Alfred's elder brother, Christopher Giles jun., (c. 1841 – 27 November 1917) was, with A. T. Woods, surveyors in Goyder's 1868 expedition, and with Charles Todd in 1870. He served at the Charlotte Waters repeater station until 1876 and remained with the Postmaster General's Department in charge of the accountancy section, until 1905 when he retired. He was a recognised authority on Middle-Eastern languages.

Other brothers included Arthur John Giles (c. 1842 – 6 September 1902) who died at Palmerston in the Northern Territory and Edgar Giles (c. 1846 – 13 July 1915), another AEI prizewinner, who married Maude Am(e)y Gliddon (5 April 1857 – 7 June 1910) on 1 June 1876, daughter of prominent banker Arthur William Gliddon, had a home at Glenelg, South Australia. He died at Brunswick Junction, Western Australia.

There were two other siblings.

===Wife and children===

Alfred Giles married Mary Augusta Sprigg (c. 1849 – c. 5 April 1940) on 26 February 1880. Their children were:
- Major Felix Gordon Giles, D.S.O. (23 November 1885 – 22 June 1950), Commanding Officer of the 10th Battalion, AIF, during World War I. He married Elsie Kilpack Marshall on 24 July 1909.
- Leslie Henry Alfred Giles (c. 1888 – 11 July 1949) was chief clerk and accountant in the Northern Territory Administration, Darwin
- Harold Stanage Giles (7 March 1890 – 1960) married Lilian Doris Dunlop on 25 March 1924, He was manager of Elsey Station (home of Mrs Aeneas Gunn) and Hodgson Station. He enlisted with the 30/5 Light Horse, AIF on 7 November 1917 but was discharged on 4 March 1918 as medically unfit due to a preexisting condition.
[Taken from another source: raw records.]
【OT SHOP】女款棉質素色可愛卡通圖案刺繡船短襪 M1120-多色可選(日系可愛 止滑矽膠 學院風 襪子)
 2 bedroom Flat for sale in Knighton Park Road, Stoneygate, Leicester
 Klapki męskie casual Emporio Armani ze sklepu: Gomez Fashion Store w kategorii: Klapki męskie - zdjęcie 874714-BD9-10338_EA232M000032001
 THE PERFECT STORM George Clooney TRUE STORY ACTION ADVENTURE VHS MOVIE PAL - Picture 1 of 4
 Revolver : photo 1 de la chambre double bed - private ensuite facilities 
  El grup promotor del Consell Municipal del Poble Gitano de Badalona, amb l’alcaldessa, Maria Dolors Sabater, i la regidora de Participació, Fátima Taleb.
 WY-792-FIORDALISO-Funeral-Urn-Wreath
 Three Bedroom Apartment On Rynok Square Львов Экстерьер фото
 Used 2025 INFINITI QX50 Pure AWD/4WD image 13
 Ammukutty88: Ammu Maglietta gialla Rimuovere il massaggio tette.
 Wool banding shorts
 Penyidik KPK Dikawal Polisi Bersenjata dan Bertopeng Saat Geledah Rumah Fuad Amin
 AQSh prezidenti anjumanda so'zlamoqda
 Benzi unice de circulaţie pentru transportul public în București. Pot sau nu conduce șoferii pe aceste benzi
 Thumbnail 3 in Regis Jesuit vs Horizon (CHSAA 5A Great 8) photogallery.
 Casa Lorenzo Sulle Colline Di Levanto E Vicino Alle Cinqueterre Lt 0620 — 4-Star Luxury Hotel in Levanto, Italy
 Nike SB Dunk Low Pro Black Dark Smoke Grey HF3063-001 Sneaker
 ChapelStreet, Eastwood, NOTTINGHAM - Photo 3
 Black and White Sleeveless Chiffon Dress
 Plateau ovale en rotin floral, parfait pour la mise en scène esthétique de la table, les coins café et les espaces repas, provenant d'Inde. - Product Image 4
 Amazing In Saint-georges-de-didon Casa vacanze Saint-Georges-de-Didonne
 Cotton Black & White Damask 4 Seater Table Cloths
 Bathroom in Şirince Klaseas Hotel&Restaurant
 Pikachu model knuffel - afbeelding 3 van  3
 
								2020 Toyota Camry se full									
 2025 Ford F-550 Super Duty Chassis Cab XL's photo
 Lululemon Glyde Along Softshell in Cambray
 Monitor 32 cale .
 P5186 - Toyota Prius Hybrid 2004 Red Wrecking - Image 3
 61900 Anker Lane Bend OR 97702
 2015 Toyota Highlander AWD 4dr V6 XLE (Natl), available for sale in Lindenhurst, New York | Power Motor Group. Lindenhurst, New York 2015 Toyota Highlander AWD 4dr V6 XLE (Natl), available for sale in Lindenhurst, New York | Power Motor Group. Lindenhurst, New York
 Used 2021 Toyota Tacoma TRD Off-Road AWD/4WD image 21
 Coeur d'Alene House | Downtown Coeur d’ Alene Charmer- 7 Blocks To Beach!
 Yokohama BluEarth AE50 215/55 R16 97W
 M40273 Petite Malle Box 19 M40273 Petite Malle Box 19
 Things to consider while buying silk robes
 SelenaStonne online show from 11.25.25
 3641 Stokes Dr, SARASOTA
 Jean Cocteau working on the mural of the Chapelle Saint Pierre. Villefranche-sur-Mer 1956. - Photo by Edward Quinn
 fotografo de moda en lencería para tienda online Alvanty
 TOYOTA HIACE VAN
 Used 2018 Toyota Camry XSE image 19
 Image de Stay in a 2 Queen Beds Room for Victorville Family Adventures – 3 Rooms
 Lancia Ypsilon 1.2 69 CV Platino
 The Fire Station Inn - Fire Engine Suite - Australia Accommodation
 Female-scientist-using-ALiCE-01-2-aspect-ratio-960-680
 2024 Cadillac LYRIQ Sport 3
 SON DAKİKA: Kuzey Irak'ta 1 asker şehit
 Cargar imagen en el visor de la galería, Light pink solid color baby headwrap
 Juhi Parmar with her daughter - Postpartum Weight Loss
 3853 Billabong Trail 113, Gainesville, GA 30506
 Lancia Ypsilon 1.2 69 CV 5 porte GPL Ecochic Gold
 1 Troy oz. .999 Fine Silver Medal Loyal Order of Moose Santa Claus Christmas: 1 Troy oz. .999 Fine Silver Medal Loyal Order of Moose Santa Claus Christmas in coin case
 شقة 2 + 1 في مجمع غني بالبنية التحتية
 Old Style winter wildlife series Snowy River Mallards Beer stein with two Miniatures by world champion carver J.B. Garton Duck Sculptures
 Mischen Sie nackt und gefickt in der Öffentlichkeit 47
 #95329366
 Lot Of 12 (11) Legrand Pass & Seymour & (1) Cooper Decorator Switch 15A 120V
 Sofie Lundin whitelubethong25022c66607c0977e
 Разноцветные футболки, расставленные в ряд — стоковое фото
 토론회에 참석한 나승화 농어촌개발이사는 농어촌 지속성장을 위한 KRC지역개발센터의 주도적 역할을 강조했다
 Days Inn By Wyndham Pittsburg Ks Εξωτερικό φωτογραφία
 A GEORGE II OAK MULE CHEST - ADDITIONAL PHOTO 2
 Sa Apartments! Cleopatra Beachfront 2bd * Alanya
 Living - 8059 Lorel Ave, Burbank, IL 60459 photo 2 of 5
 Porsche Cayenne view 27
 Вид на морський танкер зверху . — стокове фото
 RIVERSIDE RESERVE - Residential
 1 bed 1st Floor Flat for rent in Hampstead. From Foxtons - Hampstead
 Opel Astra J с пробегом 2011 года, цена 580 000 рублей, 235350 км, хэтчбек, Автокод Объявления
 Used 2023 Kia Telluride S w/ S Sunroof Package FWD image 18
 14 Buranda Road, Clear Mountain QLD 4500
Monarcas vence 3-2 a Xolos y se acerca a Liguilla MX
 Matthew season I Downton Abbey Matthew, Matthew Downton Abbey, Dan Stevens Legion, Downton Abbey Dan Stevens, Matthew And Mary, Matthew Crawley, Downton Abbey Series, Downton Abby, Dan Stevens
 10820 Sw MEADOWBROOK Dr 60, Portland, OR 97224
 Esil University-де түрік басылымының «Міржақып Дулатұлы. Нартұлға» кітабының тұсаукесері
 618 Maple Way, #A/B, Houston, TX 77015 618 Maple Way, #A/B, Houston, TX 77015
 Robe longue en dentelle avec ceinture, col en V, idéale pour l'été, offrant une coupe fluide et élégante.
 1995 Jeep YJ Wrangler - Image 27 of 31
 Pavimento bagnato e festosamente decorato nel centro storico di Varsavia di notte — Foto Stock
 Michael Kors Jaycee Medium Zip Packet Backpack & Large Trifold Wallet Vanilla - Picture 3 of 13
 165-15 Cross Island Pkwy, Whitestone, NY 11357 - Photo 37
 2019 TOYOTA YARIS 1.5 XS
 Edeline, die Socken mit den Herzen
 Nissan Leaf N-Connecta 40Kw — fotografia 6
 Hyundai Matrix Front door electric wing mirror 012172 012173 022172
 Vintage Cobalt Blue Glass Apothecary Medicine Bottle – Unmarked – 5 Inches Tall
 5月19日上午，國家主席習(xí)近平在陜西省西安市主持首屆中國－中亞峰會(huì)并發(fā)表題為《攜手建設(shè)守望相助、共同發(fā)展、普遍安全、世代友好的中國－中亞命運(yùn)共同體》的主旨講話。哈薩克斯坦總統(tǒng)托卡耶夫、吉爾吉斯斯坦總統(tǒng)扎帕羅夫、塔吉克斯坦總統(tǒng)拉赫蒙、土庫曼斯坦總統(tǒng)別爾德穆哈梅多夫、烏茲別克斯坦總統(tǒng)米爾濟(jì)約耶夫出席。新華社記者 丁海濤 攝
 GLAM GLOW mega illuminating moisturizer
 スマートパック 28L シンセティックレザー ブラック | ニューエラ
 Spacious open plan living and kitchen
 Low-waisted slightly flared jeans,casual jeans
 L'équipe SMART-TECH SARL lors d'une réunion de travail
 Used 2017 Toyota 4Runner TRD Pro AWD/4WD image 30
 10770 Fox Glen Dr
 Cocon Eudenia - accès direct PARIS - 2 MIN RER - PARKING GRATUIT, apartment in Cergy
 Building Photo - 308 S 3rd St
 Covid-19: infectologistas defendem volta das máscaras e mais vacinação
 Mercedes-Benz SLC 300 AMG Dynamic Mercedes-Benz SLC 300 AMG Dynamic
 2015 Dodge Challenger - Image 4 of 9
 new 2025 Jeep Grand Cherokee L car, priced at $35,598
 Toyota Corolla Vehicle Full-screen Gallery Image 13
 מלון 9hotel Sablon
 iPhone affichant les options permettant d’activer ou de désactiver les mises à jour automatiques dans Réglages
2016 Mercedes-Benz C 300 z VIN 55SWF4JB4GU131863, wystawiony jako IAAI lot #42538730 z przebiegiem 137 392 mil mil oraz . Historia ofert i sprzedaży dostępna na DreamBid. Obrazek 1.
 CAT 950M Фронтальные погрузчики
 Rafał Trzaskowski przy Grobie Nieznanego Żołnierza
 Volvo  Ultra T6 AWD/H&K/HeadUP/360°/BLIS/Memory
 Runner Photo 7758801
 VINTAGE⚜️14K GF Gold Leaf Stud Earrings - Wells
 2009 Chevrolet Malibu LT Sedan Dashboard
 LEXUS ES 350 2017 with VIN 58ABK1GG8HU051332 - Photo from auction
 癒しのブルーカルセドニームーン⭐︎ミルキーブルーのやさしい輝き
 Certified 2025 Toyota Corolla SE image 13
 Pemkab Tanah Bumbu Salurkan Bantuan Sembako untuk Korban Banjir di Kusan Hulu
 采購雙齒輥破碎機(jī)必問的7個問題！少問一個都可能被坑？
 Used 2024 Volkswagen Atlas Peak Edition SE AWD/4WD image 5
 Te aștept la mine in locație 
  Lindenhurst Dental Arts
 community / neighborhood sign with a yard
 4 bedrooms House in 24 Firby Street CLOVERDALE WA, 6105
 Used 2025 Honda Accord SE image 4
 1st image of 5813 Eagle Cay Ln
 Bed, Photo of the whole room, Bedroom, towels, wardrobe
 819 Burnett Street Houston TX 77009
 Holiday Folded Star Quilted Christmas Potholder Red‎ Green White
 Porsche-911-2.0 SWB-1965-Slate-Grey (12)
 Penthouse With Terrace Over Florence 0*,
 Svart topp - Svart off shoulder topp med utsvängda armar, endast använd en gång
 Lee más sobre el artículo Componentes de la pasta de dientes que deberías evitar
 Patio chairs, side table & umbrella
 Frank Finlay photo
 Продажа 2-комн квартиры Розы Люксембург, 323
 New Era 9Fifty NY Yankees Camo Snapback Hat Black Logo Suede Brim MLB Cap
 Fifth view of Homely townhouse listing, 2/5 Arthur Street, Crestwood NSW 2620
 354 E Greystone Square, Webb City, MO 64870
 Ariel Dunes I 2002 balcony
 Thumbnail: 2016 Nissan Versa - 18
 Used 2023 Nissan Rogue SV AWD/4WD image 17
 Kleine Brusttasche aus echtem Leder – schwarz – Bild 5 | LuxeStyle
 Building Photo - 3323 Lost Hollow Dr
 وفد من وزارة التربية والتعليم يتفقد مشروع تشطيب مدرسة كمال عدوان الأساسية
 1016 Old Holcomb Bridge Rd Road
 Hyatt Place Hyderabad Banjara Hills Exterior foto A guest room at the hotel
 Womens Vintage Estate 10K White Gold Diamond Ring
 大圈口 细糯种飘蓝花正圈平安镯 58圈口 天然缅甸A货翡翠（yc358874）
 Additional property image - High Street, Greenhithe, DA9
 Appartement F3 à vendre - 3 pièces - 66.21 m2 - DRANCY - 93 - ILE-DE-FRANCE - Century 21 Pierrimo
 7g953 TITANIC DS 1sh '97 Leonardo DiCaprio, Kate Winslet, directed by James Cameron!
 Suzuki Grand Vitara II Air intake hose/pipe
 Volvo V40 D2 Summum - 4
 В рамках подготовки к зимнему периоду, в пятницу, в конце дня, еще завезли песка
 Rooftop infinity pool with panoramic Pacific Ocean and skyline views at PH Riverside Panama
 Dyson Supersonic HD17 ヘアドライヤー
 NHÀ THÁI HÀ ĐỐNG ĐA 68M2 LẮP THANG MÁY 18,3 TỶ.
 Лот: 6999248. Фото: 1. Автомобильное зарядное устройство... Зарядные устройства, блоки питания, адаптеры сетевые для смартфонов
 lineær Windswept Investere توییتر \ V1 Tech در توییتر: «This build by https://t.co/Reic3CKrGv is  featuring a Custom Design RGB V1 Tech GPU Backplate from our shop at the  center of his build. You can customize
He was Protector of Aborigines for North Australia from 13 April 1927 to 15 April 1930 and Justice of the Peace from 7 July 1932.
- Maude Lorenzo Frances Giles (1893 – 12 February 1926) married (1) William Herbert Perry on 1 June 1912 (2) Sir Alex Thomas Cockburn-Campbell on 9 April 1918

===Unrelated===

Alfred Giles was no relation to the famous explorer Ernest Giles, though they knew each other professionally and were friends.

==Some notes about plant names==

The following plants are linked to Charlotte Waters by the various Gileses and are indigenous to the area:
- Christopher Giles is commemorated by the species name of dolomite fuchsia bush, Eremophila christopheri, whose habitat includes Charlotte Waters.
- The genus Gilesia is named for both Christopher and Ernest Giles.
- Cyperus gilesii and Panicum gilesii are usually listed as honouring Ernest Giles, but the type details for both species are given by George Bentham only as "Central Australia. Charlotte Waters, Giles".
- The desert fuchsia, Eremophila gilesii, which honours Ernest, is widespread across the region.

==Bibliography==
- Giles, Alfred (1926). "Exploring in the Seventies and the Construction of the Overland Telegraph Line" (Written when he was nearly 80, Giles describes six frustrating months searching for a route and reliable water supplies. Includes a photo of Giles taken in 1878 and a map of the Overland Telegraph Line from Giles's account, showing the course and repeater stations, many of which developed into towns.)